Data provided:
----------------------------------------
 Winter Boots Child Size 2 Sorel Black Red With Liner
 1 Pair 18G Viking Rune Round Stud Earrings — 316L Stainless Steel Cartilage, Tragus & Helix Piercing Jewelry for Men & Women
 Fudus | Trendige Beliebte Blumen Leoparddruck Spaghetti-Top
----------------------------------------
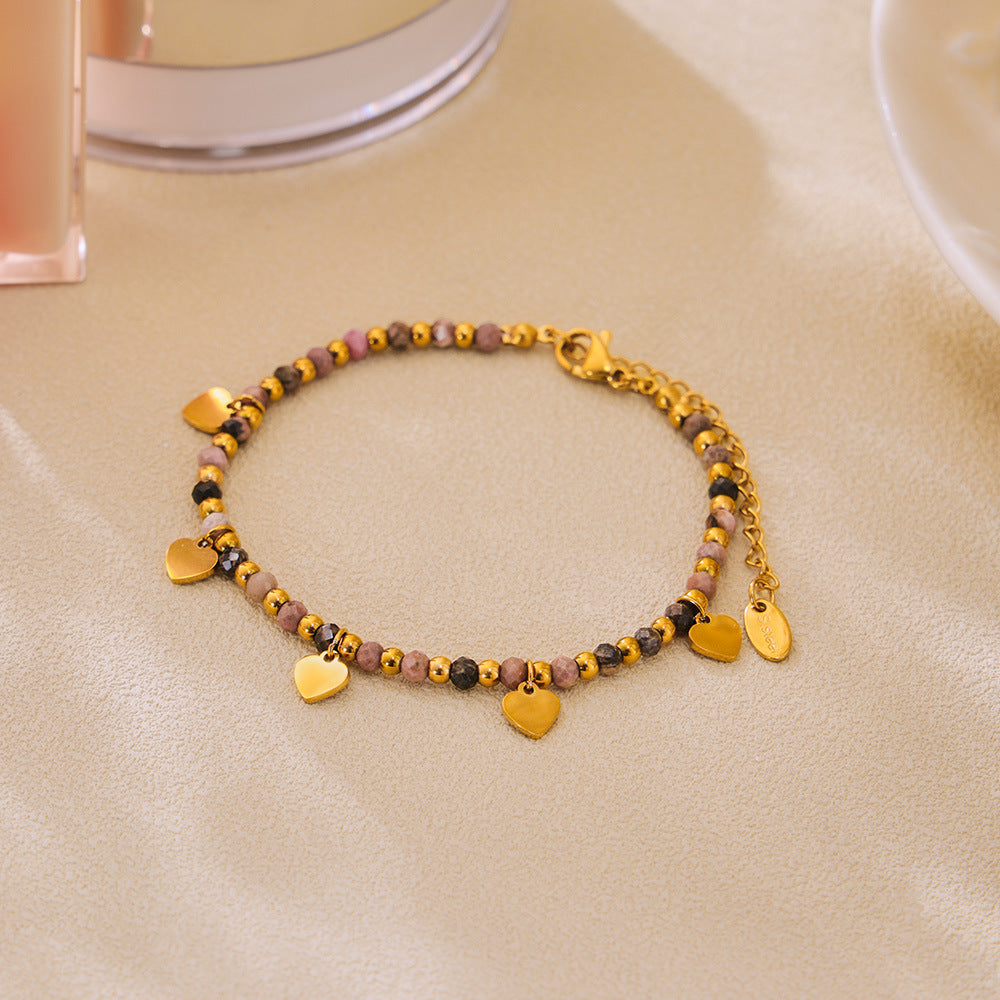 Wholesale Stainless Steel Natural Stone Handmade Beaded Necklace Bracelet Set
----------------------------------------
Directions: Above are the entries. Quote exactly the lines from the one bearing "Winter Boots Child" through the one bearing "Fudus | Trendige".

Solution to this problem:
 Winter Boots Child Size 2 Sorel Black Red With Liner
 1 Pair 18G Viking Rune Round Stud Earrings — 316L Stainless Steel Cartilage, Tragus & Helix Piercing Jewelry for Men & Women
 Fudus | Trendige Beliebte Blumen Leoparddruck Spaghetti-Top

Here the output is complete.